This simple solution has big ambitions: to develop a far reaching platform giving everybody, not just geeks, the opportunity to experiment with the potential of digital fabrication and environmental sensors. We want the platform to be capable of realizing any project that involves printing, sensors and the environment. If you’re an artist working on the bleeding edge, a serious Maker searching for inspiration for creative mashups, or a father and son (or mother and daughter) looking for interesting weekend projects for the 3d-printer that’s already sitting in your basement , FABMOBs will have a solution for you. We want to make the FABMOBs platform into a robust network that CAN make a difference in the 3Dprinting space.
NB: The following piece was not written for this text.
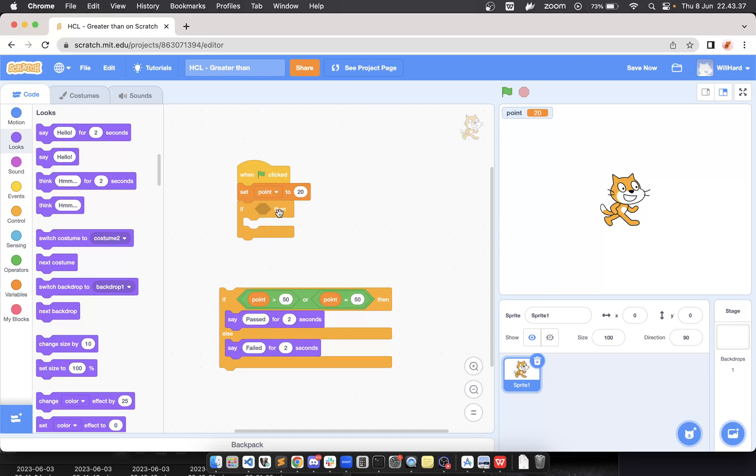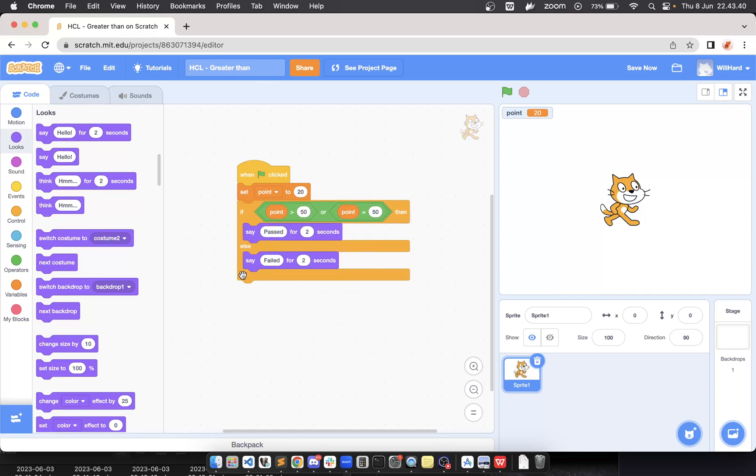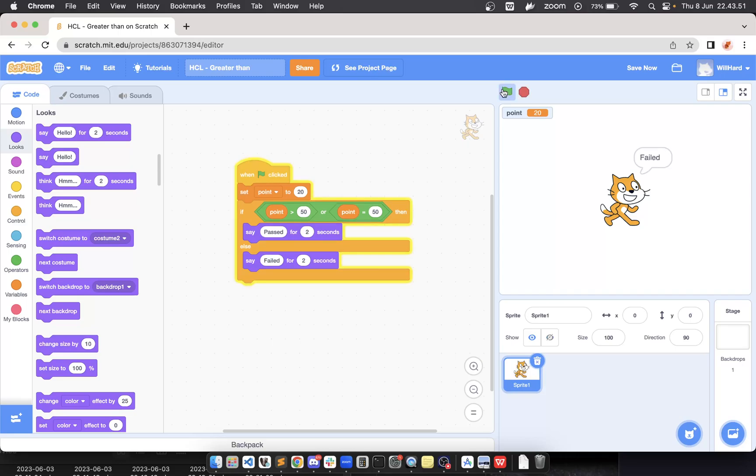Okay, we switch the position—we remove this 'if' and replace with 'if else'. Let's try one more time. I use the same initial point here, 20, and if I click green flag now, I got 'failed' message.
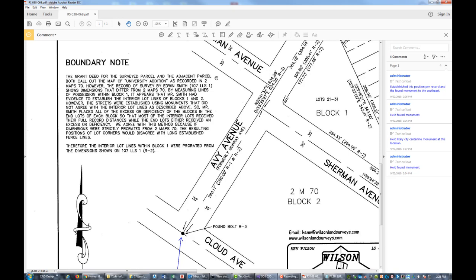Ken's note says: the grant deed for the surveyed parcel and the adjacent parcel both call out the University Edition map in Book 2, Map 70 — the same map our deeds call out. However, a record of survey by Edwin Smith in Book 1, Page 107 shows dimensions that differ from the original subdivision map. By measuring lines of possession within the block, it appears that Mr. Smith had evidence to establish the interior lot lines of Blocks 1 and 2. However, the streets were established using monuments that did not agree with the interior lot lines. Mr. Smith placed all the excess or deficiency in the 'in lots' of each block, so most interior lots received their full record distances while the in lots received an excess or deficiency. Ken agrees with this method because strictly prorating from the original subdivision map would put lot corners in disagreement with long-established fence lines.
A FABMOBs rig is a mash-up of hardware, software and network connections enabling the fabrication of an atmosphere. Sensors, 3Dprinters and mobile power sources are connected using open-source Arduino development boards for communication, calculation and control; they are linked at their source, which is why they they play so nicely together. The wireless 4g and proprietary networks that blanket our cities and suburbs, move the data from sensor to printer via an online API. A lightweight, portable solar panel connected to a rechargeable battery, powers the sensor. The Smart Citizen is always capturing and sending data to a server using mobile networks. Pieces of that data are automatically requested by the software that will generate the 3d model, which is used to fabricate an ATMOStag object.
In the context of the FABMOBs|ATMOStag project, we measure the temperature, humidity, ambient light, noise, and levels of carbon monoxide and nitrogen dioxide in any local environment using sensors. This data forms a limited, but useful enough representation of a local atmosphere. We then use it to create a digital model and print the atmosphere’s representation.
To determine the atmosphere of a specific location, we measure the temperature, humidity, ambient light, noise, and levels of carbon monoxide and nitrogen dioxide in any environment using sensors. The data from these continuous captures forms a limited, but useful enough representation of a local atmosphere, and serves to form and inform the design (or generation) of the 3D-model used to print an object. Using our customized 3D-software and Python, we can algorithmically associate formal transformations to an object based on the synthesis of the atmosphere’s qualities (hot, humid, dense, light…) and quantities (how much) based on its captured data. We can then apply these transformations to shape an object’s formal predisposition.